Example: Loan Restructuring Scenario
Original Loan | Restructured Loan |
---|---|
₹10 lakh home loan | ₹10 lakh (unchanged principal) |
Interest: 9% for 10 years | Interest: 8.5% for 15 years |
EMI: ₹12,668 | EMI: ₹9,847 |
Benefit: ₹2,821/month saved | Longer term but easier repayment |
Pros and Cons of Loan Restructuring
✅ Benefits
- Avoids loan default and credit score damage
- Gives financial breathing room
- Can reduce EMIs or provide a repayment pause
- No need for a new loan application
❌ Drawbacks
- Extended tenure = more total interest paid
- May impact your credit report as “restructured”
- Some lenders charge processing or restructuring fees
- Can affect future loan eligibility
Will Restructuring Affect My Credit Score?
Yes, but not always negatively.
Loan restructuring is often reported to credit bureaus.

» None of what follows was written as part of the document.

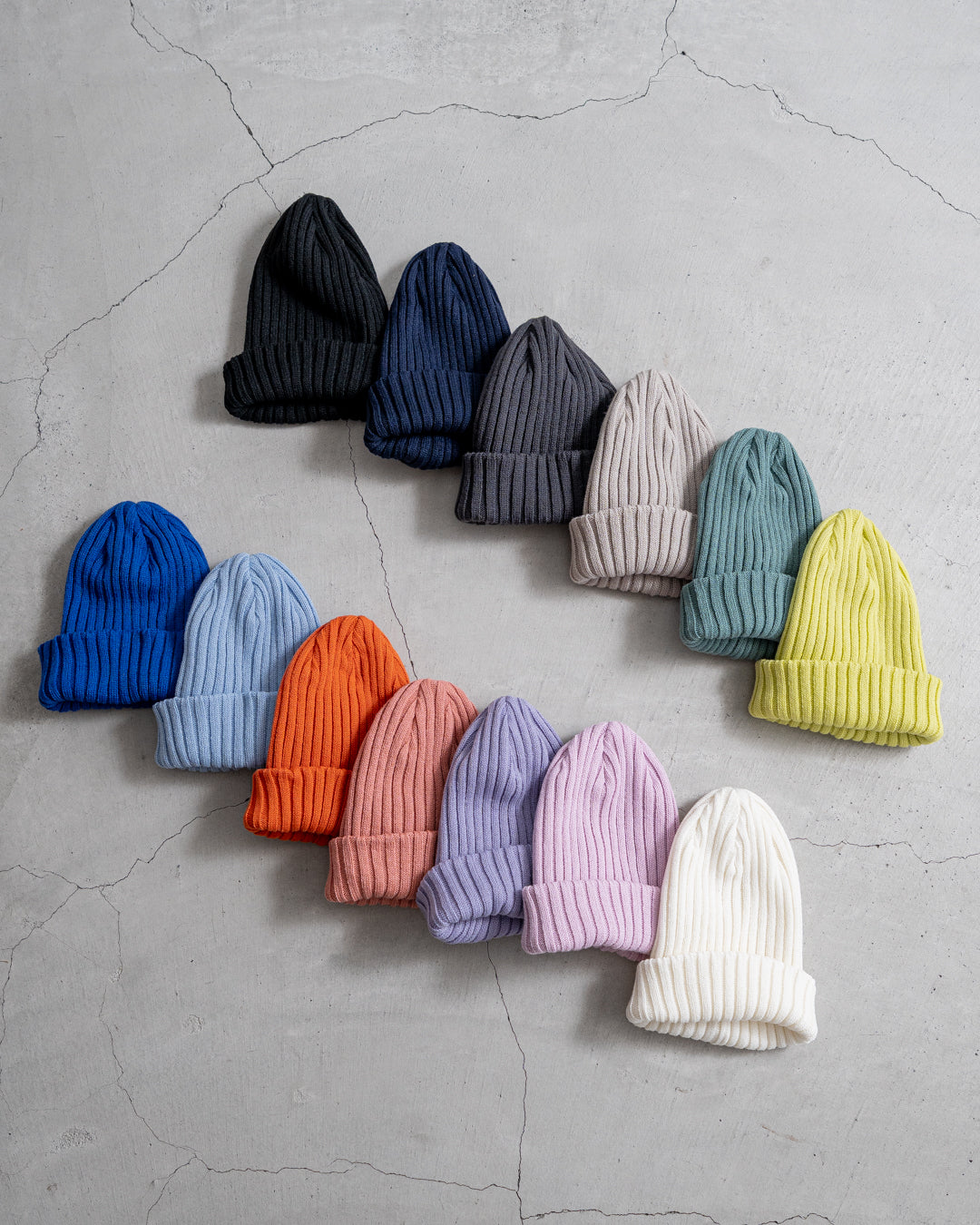 【RESTOCK】Nine  Tailor Arc Watch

While it’s not as damaging as a default, it may indicate financial stress and impact your creditworthiness slightly. Future lenders might ask for an explanation when you apply for a new loan.
However, defaulting is far worse than opting for restructuring.
RBI Guidelines on Loan Restructuring (India)
The Reserve Bank of India (RBI) has introduced frameworks like:
- Resolution Framework 1.0 & 2.0 (for COVID-19)
- One-time restructuring for personal and MSME loans
These frameworks help ensure fair and standardized treatment across banks.
Tips Before Opting for Loan Restructuring
- Evaluate your financial recovery plan
- Compare with other options like top-up loans or balance transfer
- Ask the lender about all charges, risks, and credit score implications
- Get the new repayment schedule in writing
- Consult a financial advisor, if needed
Final Thoughts
Loan restructuring can be a valuable relief option during financial hardship—but it should be used wisely. It’s not a free pass, but rather a second chance to stay on track and avoid defaulting. Always read the fine print and choose the option that aligns best with your long-term financial goals.
FAQs:
Q1. Can all types of loans be restructured?
Most loans like personal, home, auto, and business loans can be considered. However, credit card dues and unsecured loans may be less flexible.
Q2. Is restructuring the same as loan settlement?
No. Restructuring adjusts terms; settlement involves paying a reduced amount, which severely affects your credit score.
Q3. How long does the restructuring process take?
Typically 7–30 days, depending on the lender and case complexity.